▶ **PROBLEM TO WORK ON**
Leaving the pictures aside, restate all of the data exactly.

▶ **COLLECTED DATA**
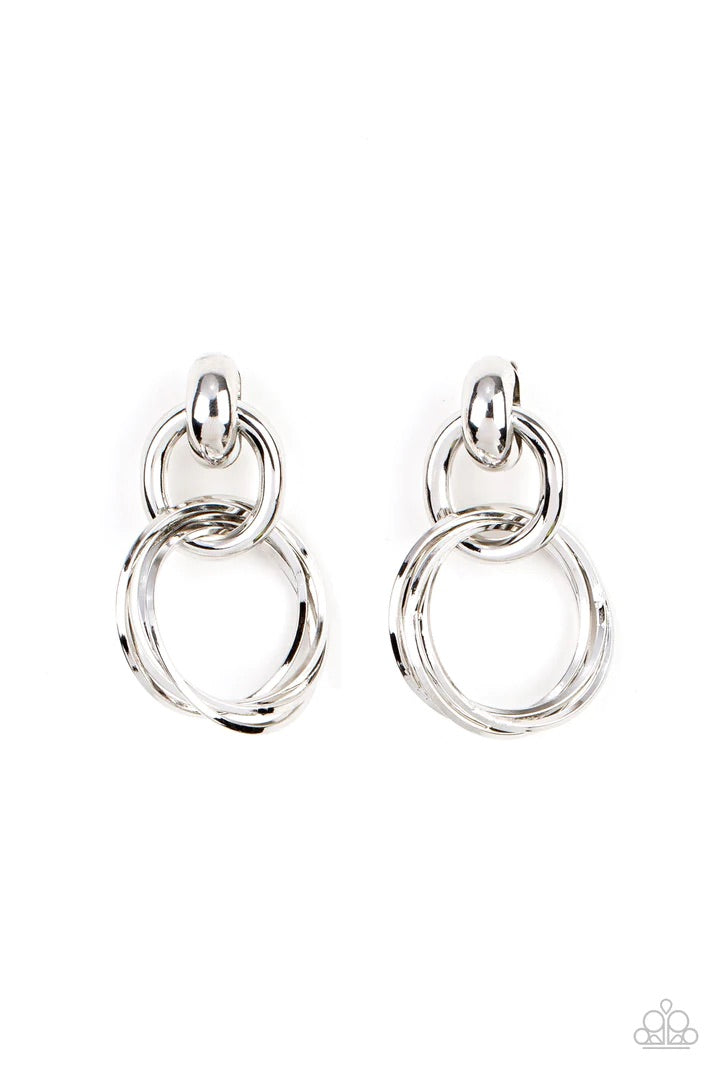 Dynamically Linked Silver Earrings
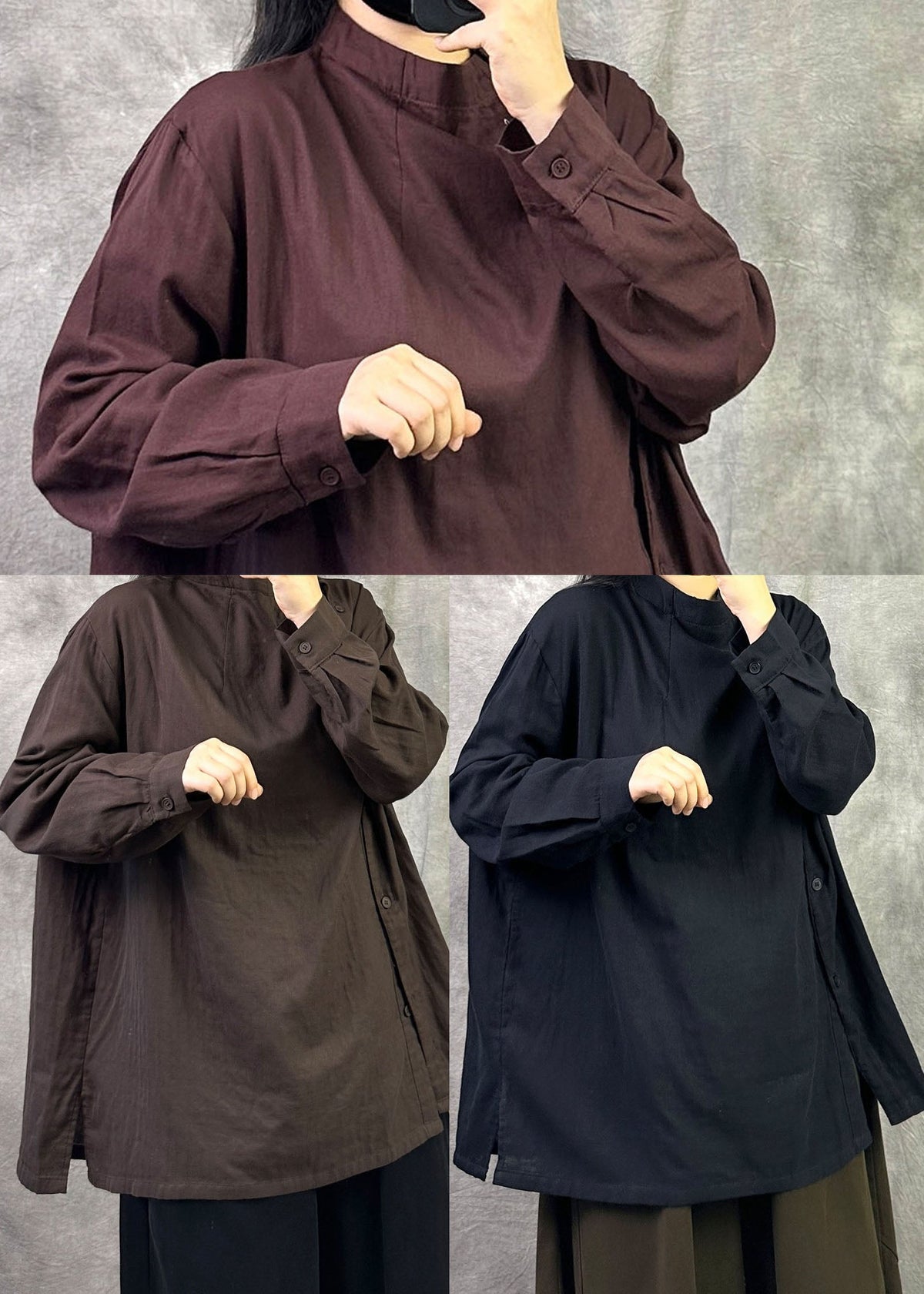 Women Black Asymmetrical Cotton A Line Shirt Top Fall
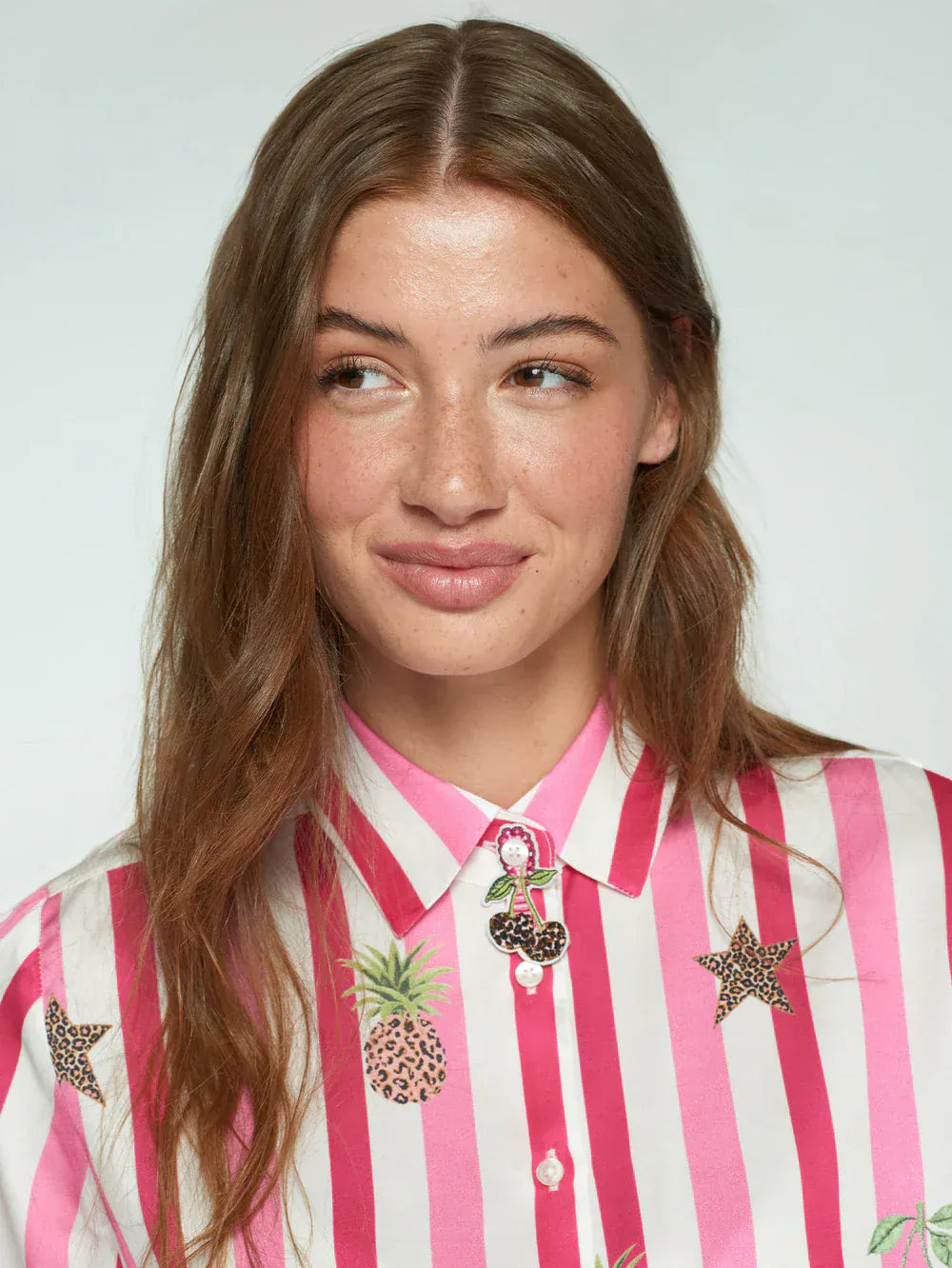 Vilagallo Tops Striped and Leopard Shirt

▶ **YOUR SOLUTION**
 Dynamically Linked Silver Earrings
 Women Black Asymmetrical Cotton A Line Shirt Top Fall
 Vilagallo Tops Striped and Leopard Shirt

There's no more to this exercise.